**WHAT YOU WILL DO**
Reproduce the lines below exactly, from the one containing "Fashion sports loose leopard print shorts" through the one containing "Vintage 1980s Nike", both included. Leave out any pictures.

**DATA SUPPLIED**
——

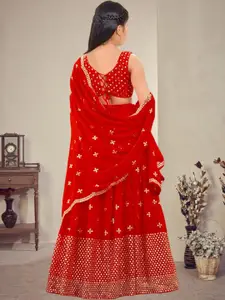 F Plus Fashion Net Semi-Stitched Lehenga Choli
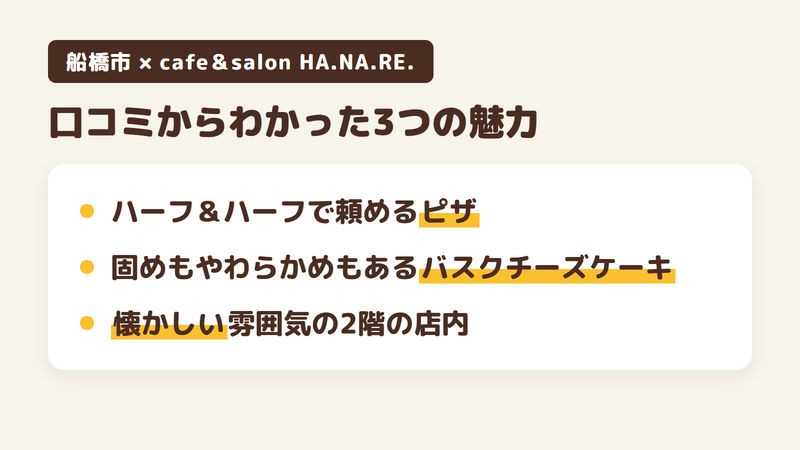 船橋市大穴南のカフェ「cafe＆salon HA.NA.RE.」の口コミからわかった3つの魅力（ハーフ＆ハーフで頼めるピザ／固めもやわらかめもあるバスクチーズケーキ／懐かしい雰囲気の2階の店内）をまとめた画像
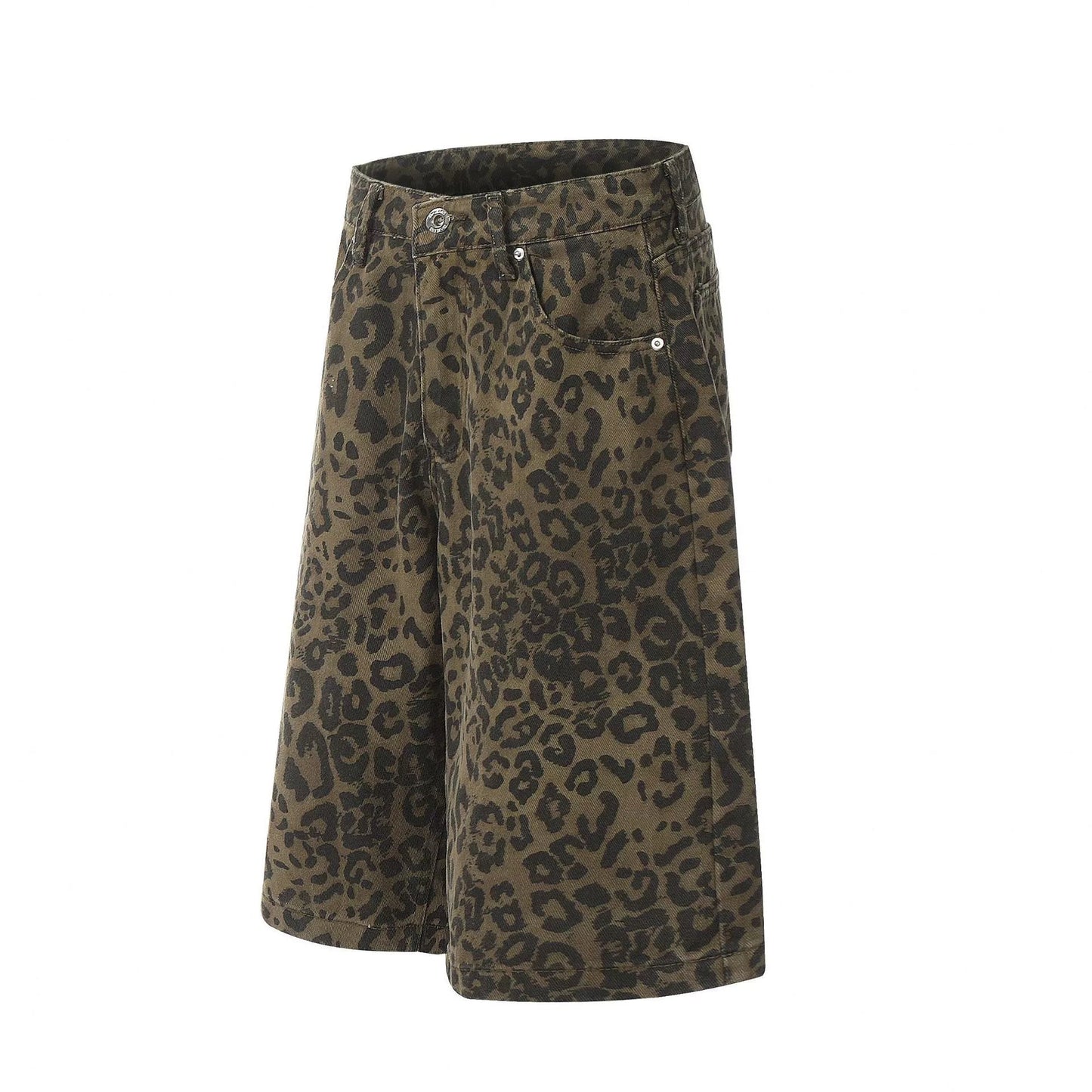 Fashion sports loose leopard print shorts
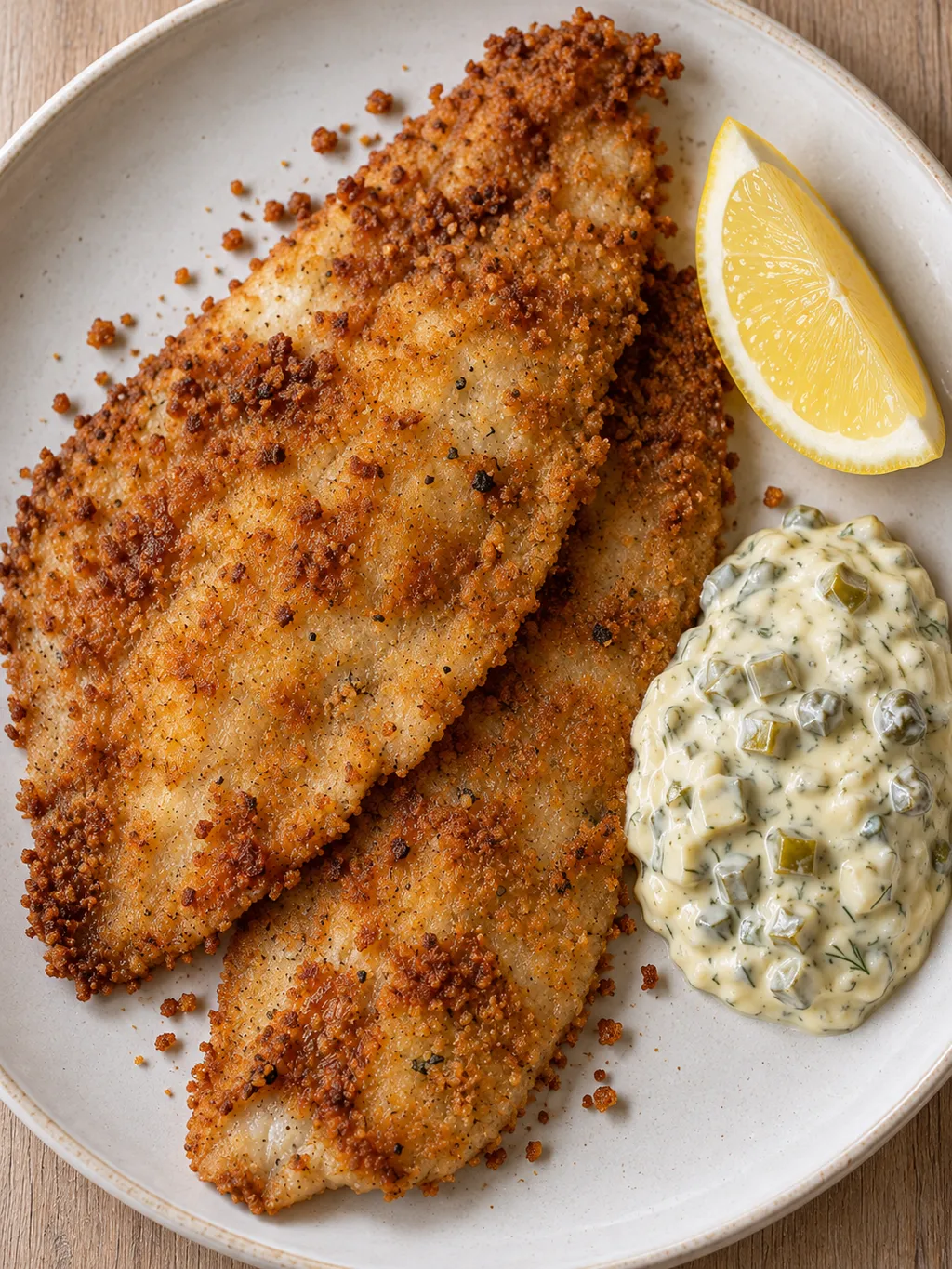 Frasig rödspätta med remouladsås och citron på en ljus tallrik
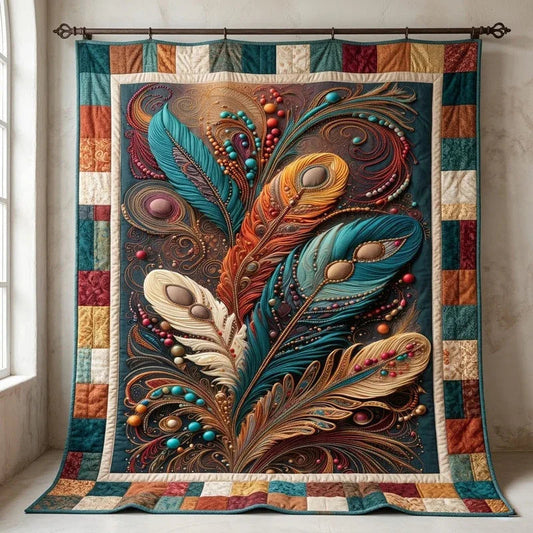 African Feather Quilt Blanket - Quilted Blanket by OtterMia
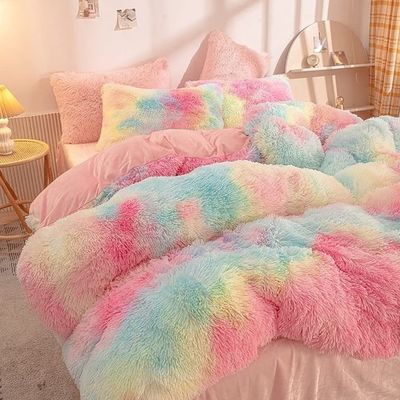200TC Compteur de fils Lit de lit Faux fourrure couette Mink Rainbow Plush Fluffy Luxe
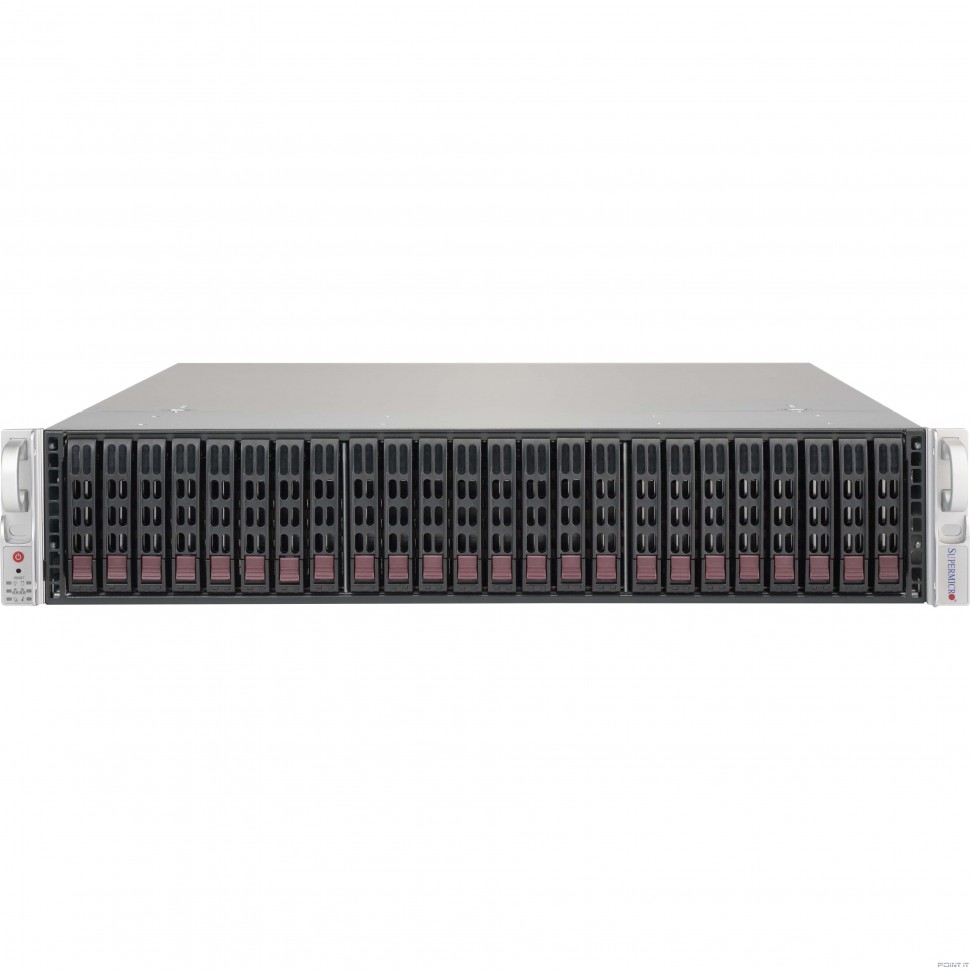 SuperMicro CSE-216BE1C-R609JBOD 2U Storage JBOD Chassis with capacity 24 x 2.5" hot-swappable HDDs bays, Single Expander Backplane Boards support SAS3/2 or SATA3 HDDs with 12Gb/s throughput,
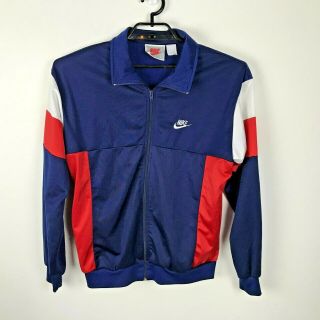 Vintage 1980s Nike Track Jacket Size L Red White Blue Polyester Zip Front Mens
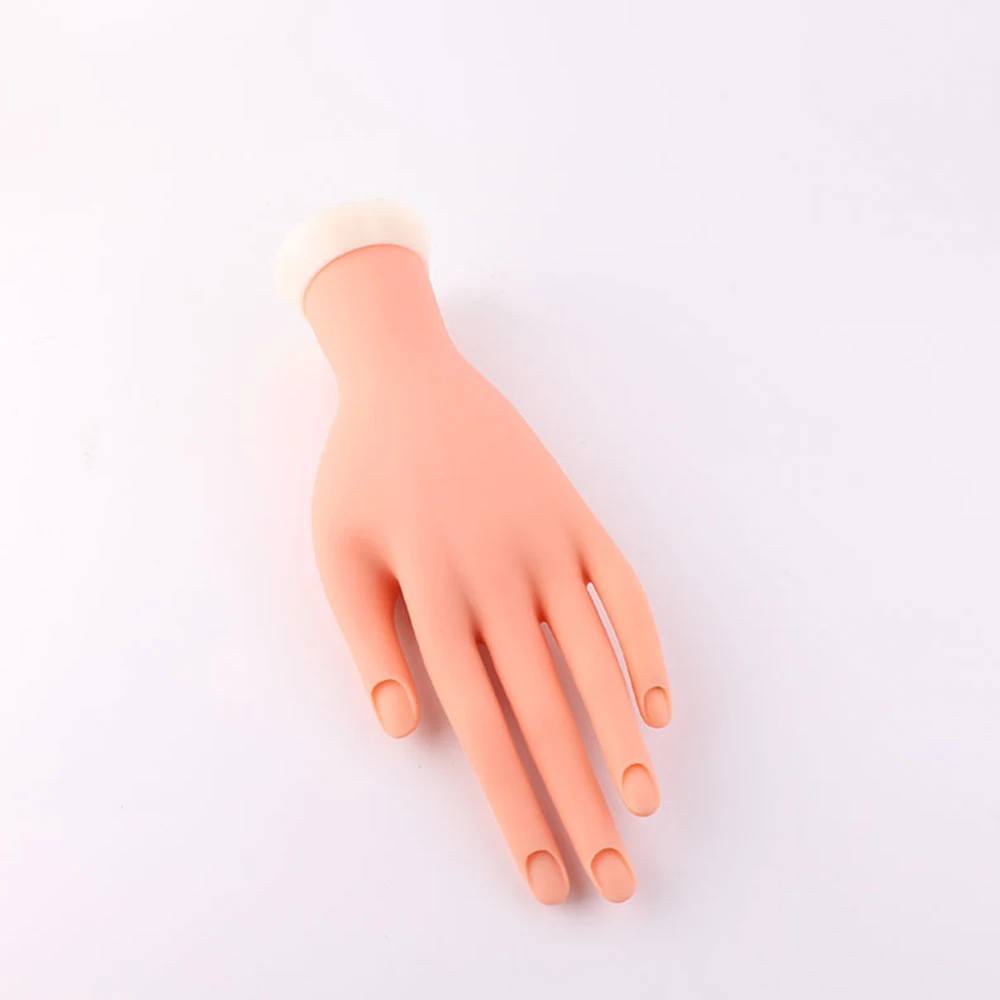 Silicone Nail Art Practice Hand Acrylic Fake Nail Training Fingernails Model Soft Flexible Bendable Mannequin Manicure Tools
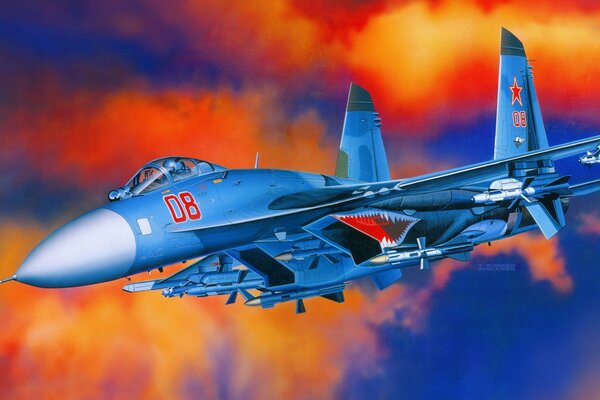 Russischer Kampfjet der Su-27-Luftwaffe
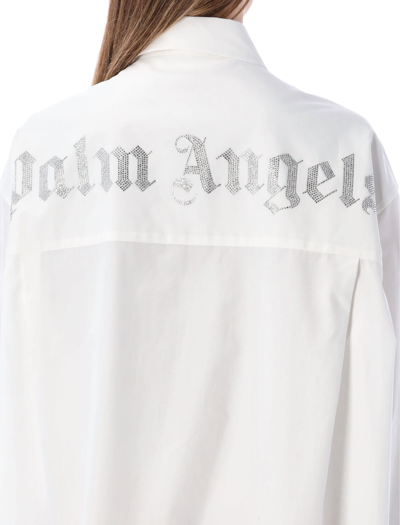 Shop Palm Angels Rhinstone Logo Shirt Dress In White
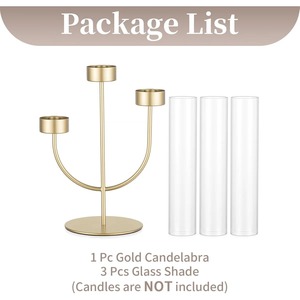 Golden Brass Candle Stand with Three <b>Glass</b> Tubes for Home Decoration At Affordable Price - Product Image 3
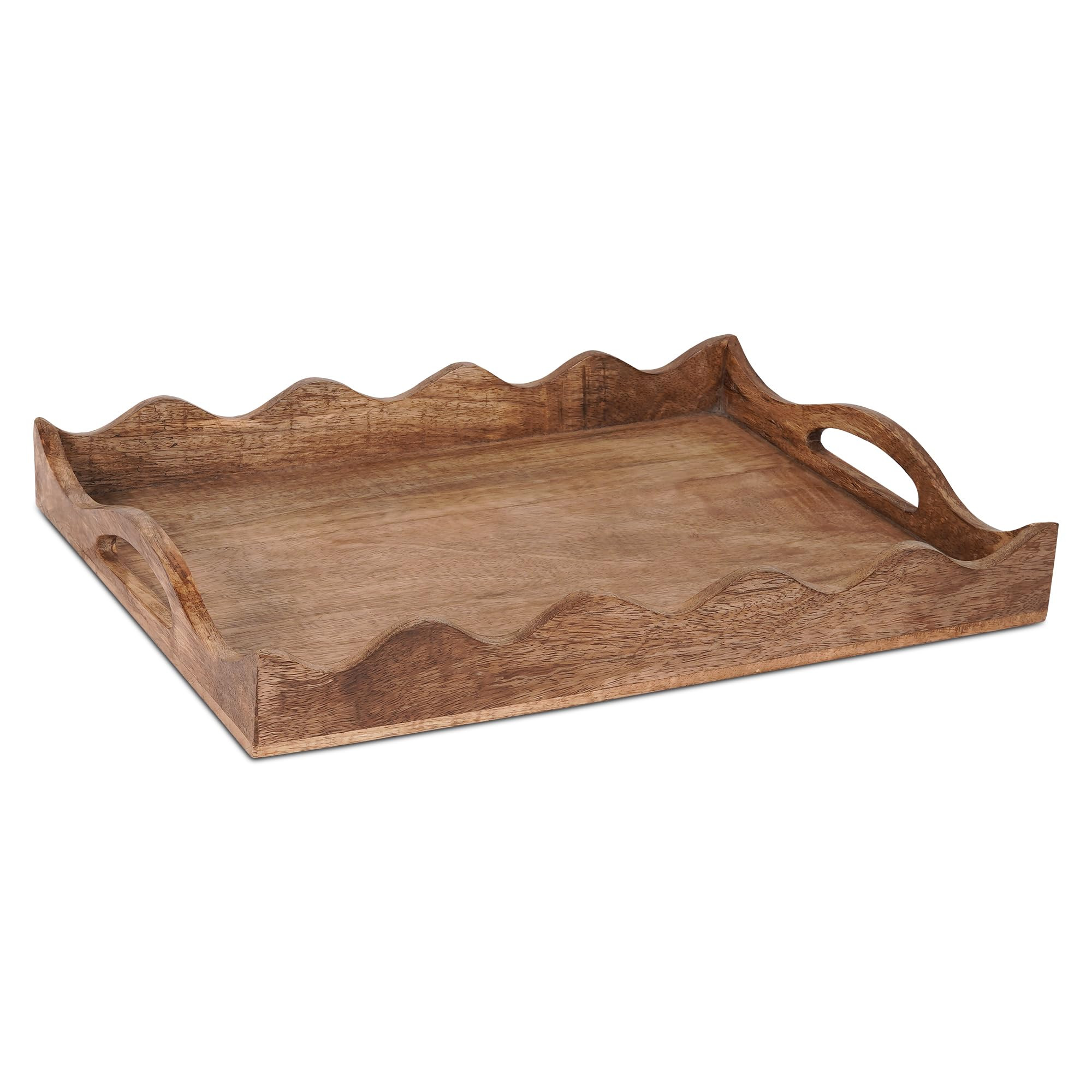 Mela Artisans Ottoman Wooden Serving Tray | Large, Scallop White Burnt | Decorative Mango Wood | Serve Breakfast, Other Foods, Coffee and Tea | Rustic Home Decor | 16" x 12” x 2.5” | Amazon (US)
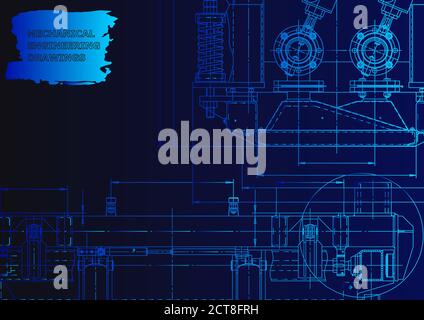 Technical abstract backgrounds. Vector engineering drawing. Mechanical instrument making. Blue neon Stock Vector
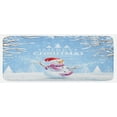 thumbnail image 1 of Christmas Kitchen Mat, Snowman in a Snowy Winter Day with Xmas Hat Frosty Noel Theme, Plush Decorative Kitchen Mat with Non Slip Backing, 47" X 19", White Blue, by Ambesonne, 1 of 1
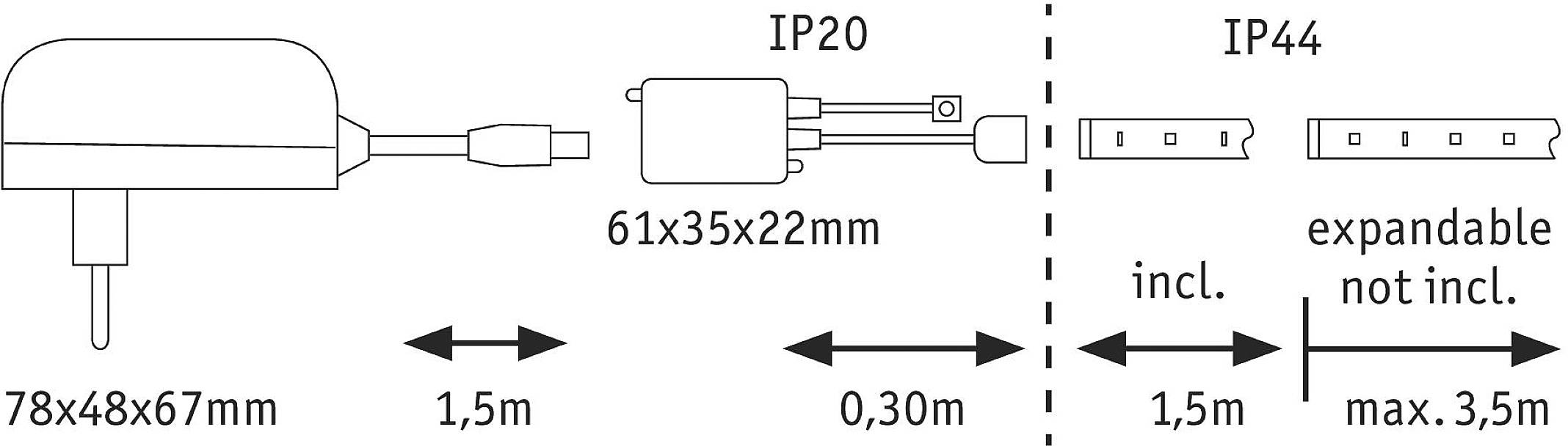 Schéma zapojenia elektrických zariadení: IP20 zástrčka, 61x35x22 mm, kábel 0,30 m; ku zariadeniu IP44, rozšíriteľné na max. 3,5 m, 78x48x67 mm.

——

**SOLVED EXERCISE**
 Fashion sports loose leopard print shorts
 Frasig rödspätta med remouladsås och citron på en ljus tallrik
 African Feather Quilt Blanket - Quilted Blanket by OtterMia
200TC Compteur de fils Lit de lit Faux fourrure couette Mink Rainbow Plush Fluffy Luxe
 SuperMicro CSE-216BE1C-R609JBOD 2U Storage JBOD Chassis with capacity 24 x 2.5" hot-swappable HDDs bays, Single Expander Backplane Boards support SAS3/2 or SATA3 HDDs with 12Gb/s throughput,
 Vintage 1980s Nike Track Jacket Size L Red White Blue Polyester Zip Front Mens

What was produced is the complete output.